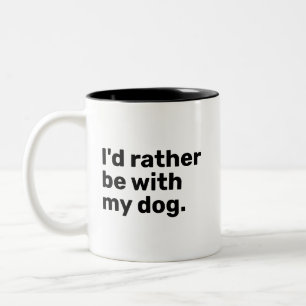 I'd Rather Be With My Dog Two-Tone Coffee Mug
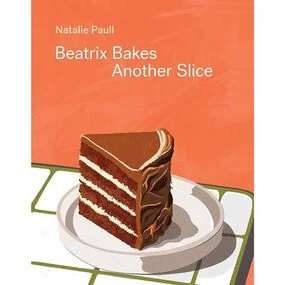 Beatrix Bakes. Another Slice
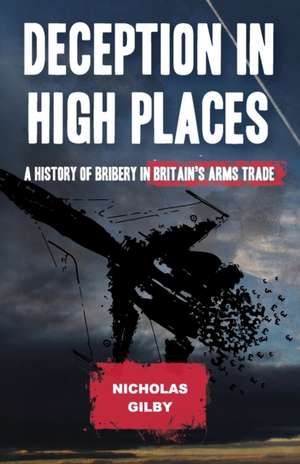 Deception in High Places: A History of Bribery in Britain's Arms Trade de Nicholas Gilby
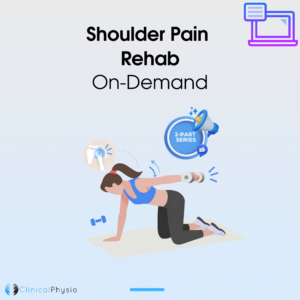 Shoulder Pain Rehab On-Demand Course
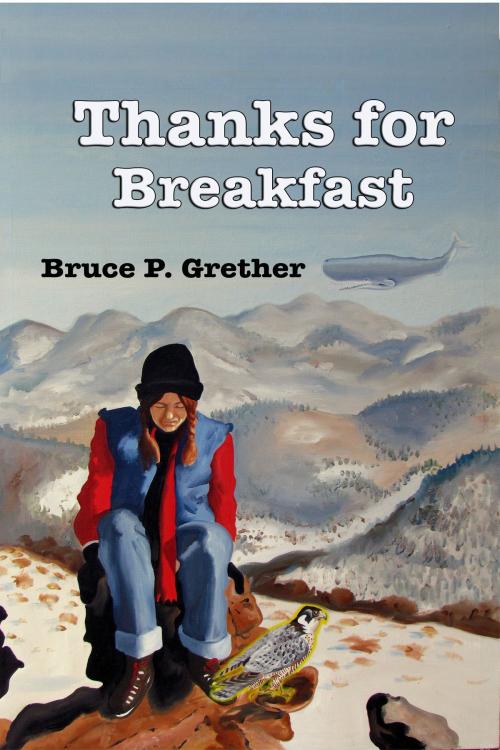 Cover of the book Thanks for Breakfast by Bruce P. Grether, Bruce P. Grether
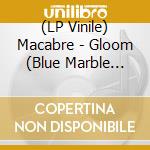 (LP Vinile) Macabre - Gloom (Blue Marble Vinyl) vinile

.....

**What this task involves:**
Copy out the lines above in full and unaltered, apart from the pictures.

**Answer area:**
 I'd Rather Be With My Dog Two-Tone Coffee Mug
 Beatrix Bakes. Another Slice
 Deception in High Places: A History of Bribery in Britain's Arms Trade de Nicholas Gilby
 Shoulder Pain Rehab On-Demand Course
 Cover of the book Thanks for Breakfast by Bruce P. Grether, Bruce P. Grether
 (LP Vinile) Macabre - Gloom (Blue Marble Vinyl) vinile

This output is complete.